Response to Random Acts of Kindness Week has been overwhelming, far exceeding even the brightest expectations. The Southeast Missourian is coordinating the first-ever weeklong celebration of kindness in the Cape Girardeau area. The special week begins on Mother's Day, May 12.
More than 200 businesses, organizations, churches and individuals have signed a form indicating they will find special ways to participate in kindness week. Many more are expected to sign up before the week begins.
In spite of this enthusiastic endorsement of the concept of an entire week devoted to kindness, many questions have sprung up, as could be expected, about how to organize something that is supposed to be random. The evidence so far, however, is that once a commitment is made to participate, what to do and how to do it just comes naturally. That is a wonderful result of setting aside Random Acts of Kindness Week.

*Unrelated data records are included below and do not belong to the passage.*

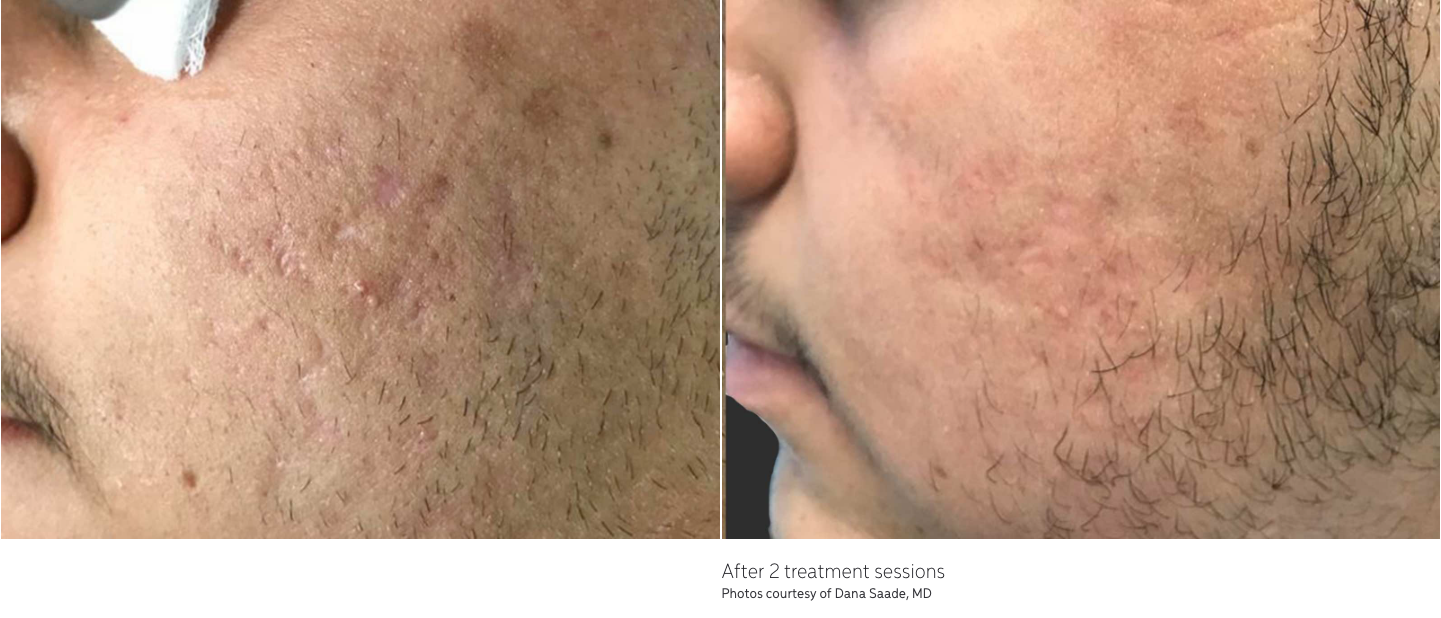 left photo shows a close up photo of a man's cheeks showing severe acne scars and pigmentation and right photo showing results after getting the laser resurfacing treatment. skin pigmentation is now gone.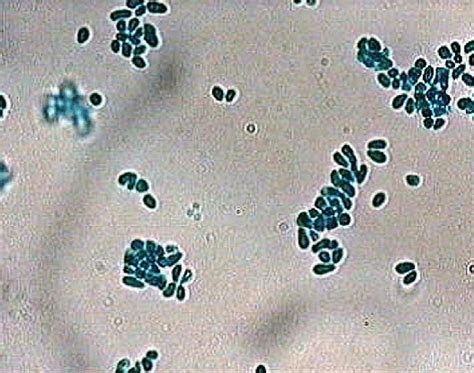 Malassezia Associated With Pachydermatitis Presentation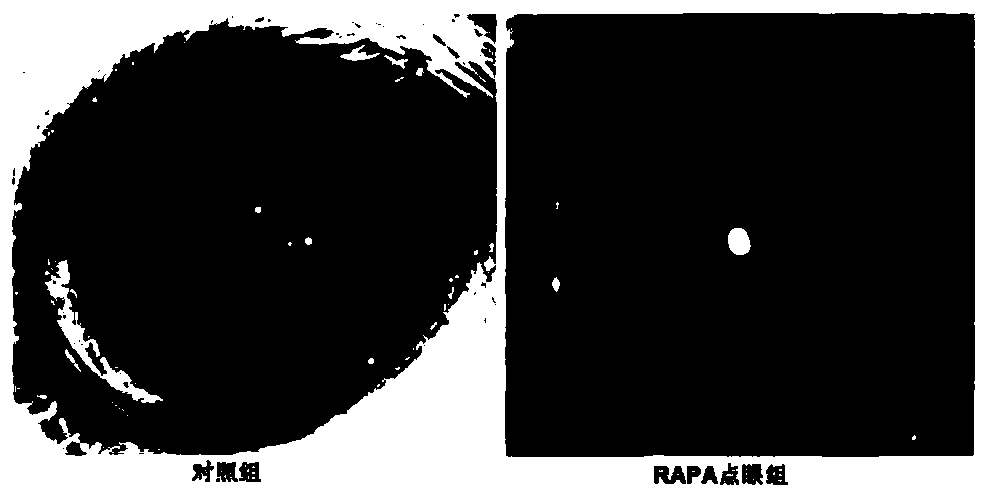 A kind of rapamycin nano micellar eye drops and preparation method thereof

The events and activities that have been put together so far are varied and wonderful. For example, after more than 35 years of coexistence as neighbors, Grace United Methodist Church and Cape Girardeau's junior and senior high schools will come together for a picnic during Random Acts of Kindness Week. The church expects 200 to 300 students to show up in the parking lot for hot dogs and hamburgers grilled by parishioners, but church members could be surprised by acceptance of their act of kindness, especially if it is a nice spring day. And a family that has signed up to participate plans to take refreshments to the man who picks up the garbage.
It is easy to see how a week focusing on kindness generates ideas and stimulates good deeds.
All of which raises another question: Does it take a special week to make kindness a reality? Of course not. The week recognizes that residents of this area are, by nature, giving, friendly and concerned about the needs of others. That has been demonstrated time after time. This is despite the burdens of the world that rise up in the form of mayhem and malaise. The special week celebrates the good in all of us and focuses our attention on the positive.
Many acts of kindness take on religious dimensions, which may help explain why the recent addition of a simple, one-sentence prayer each day on this Opinion page has generated so much positive feedback. It is, in a way, a demonstration of the fact that good deeds have as their source a supreme being who deserves to be acknowledged and thanked.
One hope is that this first Random Acts of Kindness Week will spark a renewal of positive actions in the lives of those who choose to participate, and that this renewal will obtain the momentum to last throughout the year, and that, God willing, the world will be a little better for it.